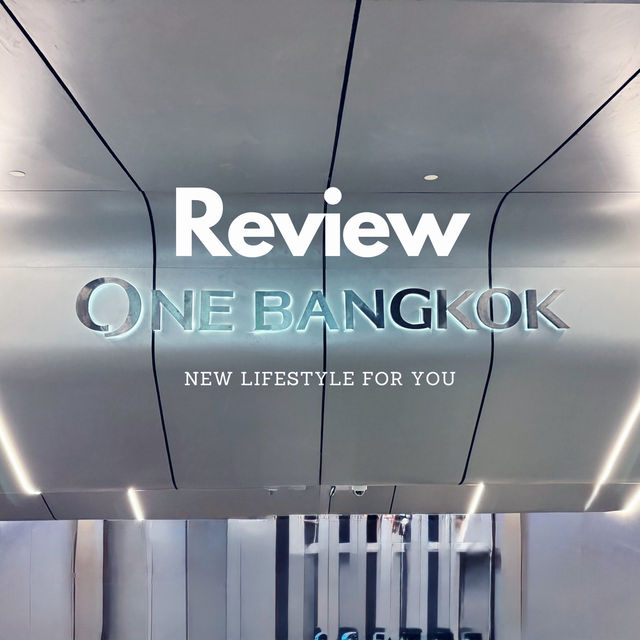 Review One Bangkok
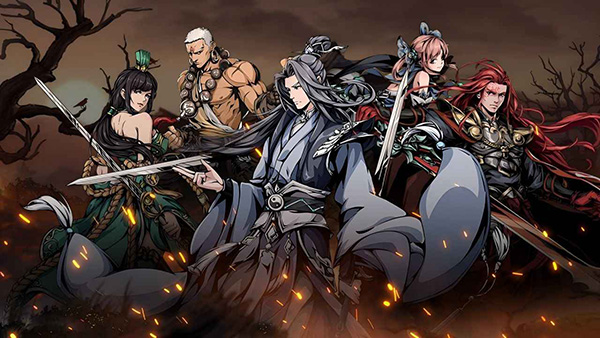 剑影江湖最新版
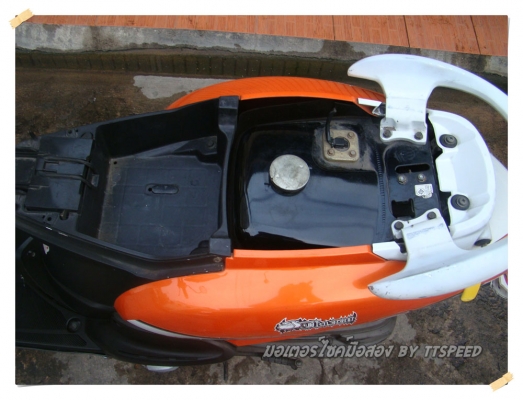 ขาย Fino-S สีส้ม รถบ้านปี 51 เอกสารเล่มทะเบียนครบ ขาย Fino-S สีส้ม รถบ้านปี 51 เอกสารเล่มทะเบียนครบ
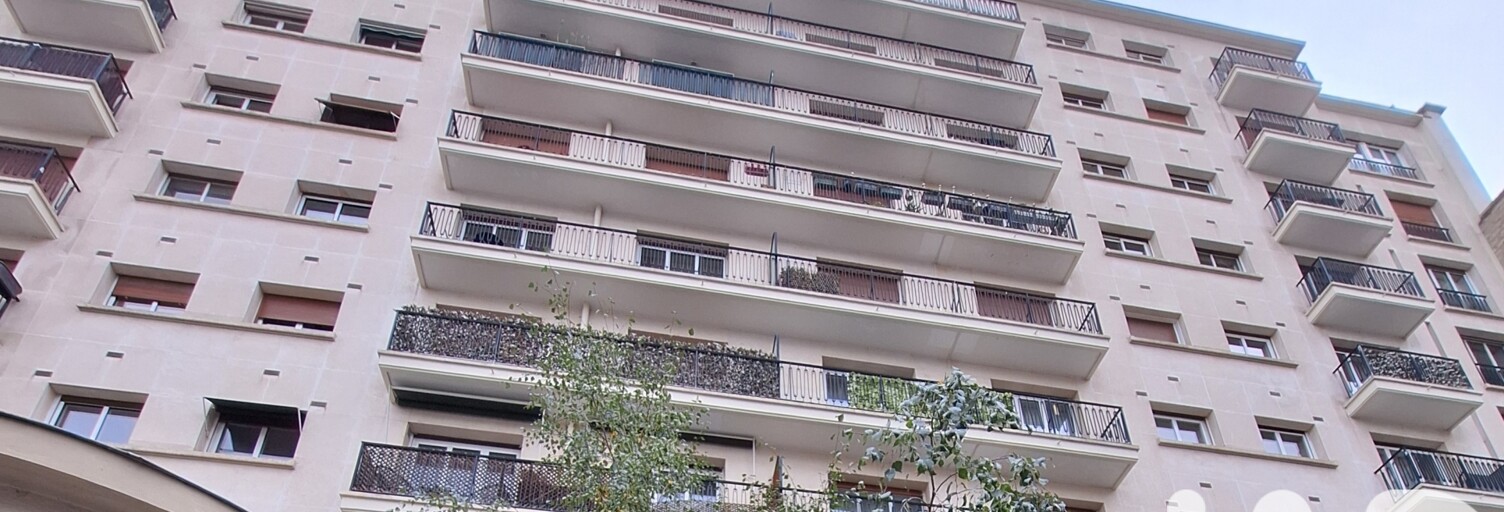 Appartement 6 Pièces 120 m² à vendre à Paris 16 (75016)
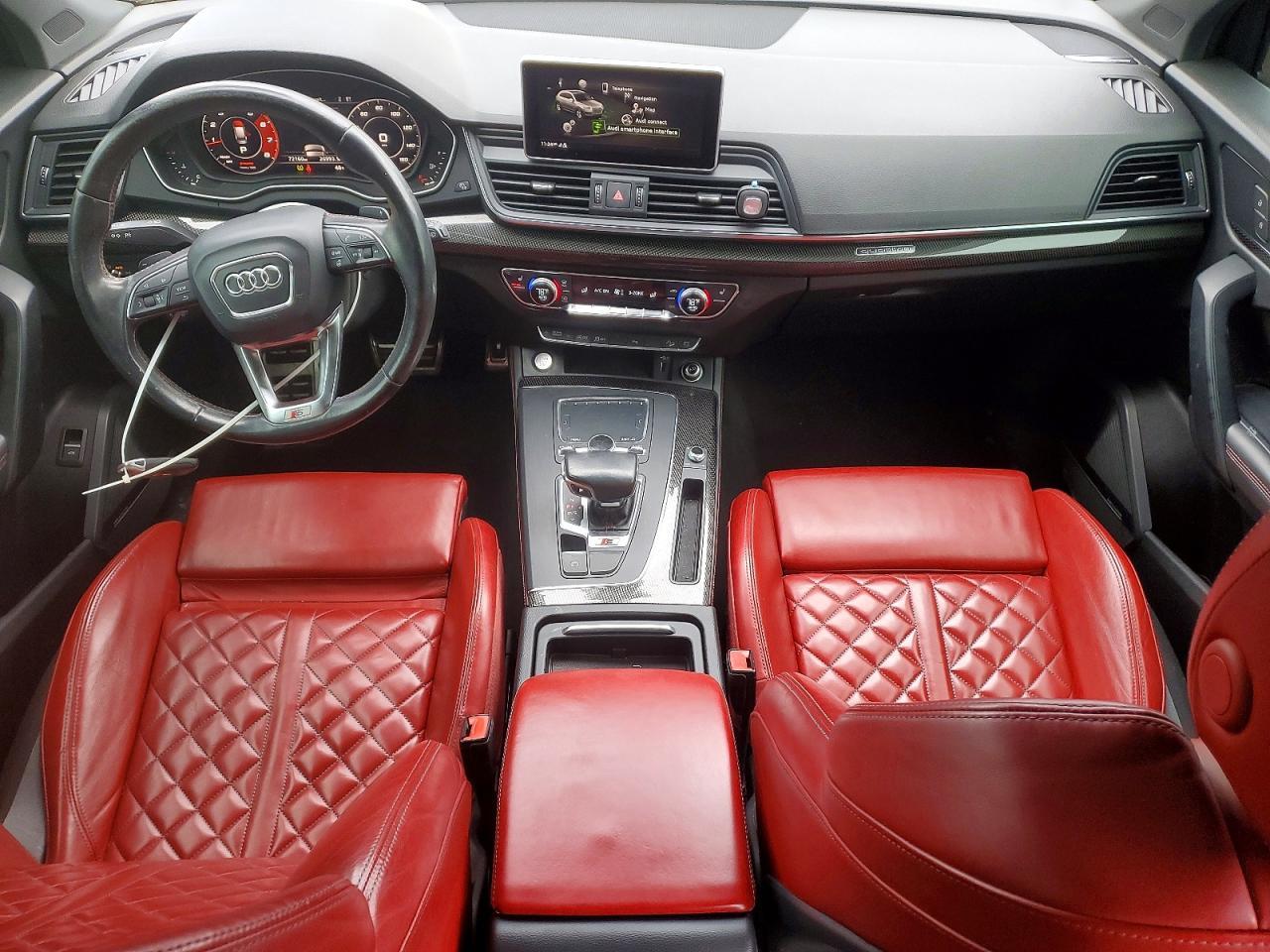 2018 AUDI SQ5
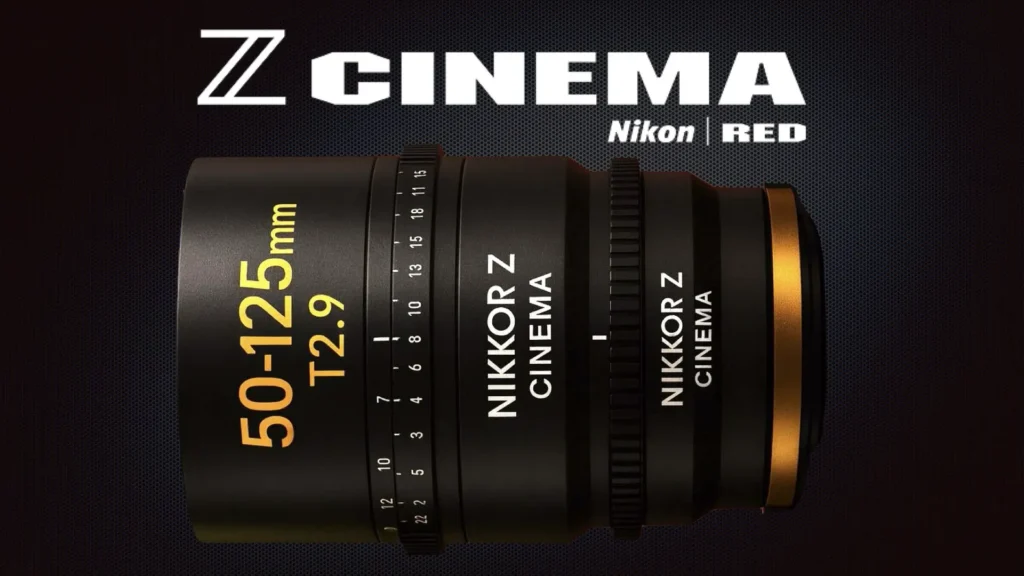 The NIKKOR Z Cinema Lenses Nikon Might Launch Next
□ □ □ □
• **Try it**
The full material above must be output verbatim, minus any pictures.

• **Result of this task**
 Review One Bangkok
 剑影江湖最新版
 ขาย Fino-S สีส้ม รถบ้านปี 51 เอกสารเล่มทะเบียนครบ ขาย Fino-S สีส้ม รถบ้านปี 51 เอกสารเล่มทะเบียนครบ
 Appartement 6 Pièces 120 m² à vendre à Paris 16 (75016)
 2018 AUDI SQ5
 The NIKKOR Z Cinema Lenses Nikon Might Launch Next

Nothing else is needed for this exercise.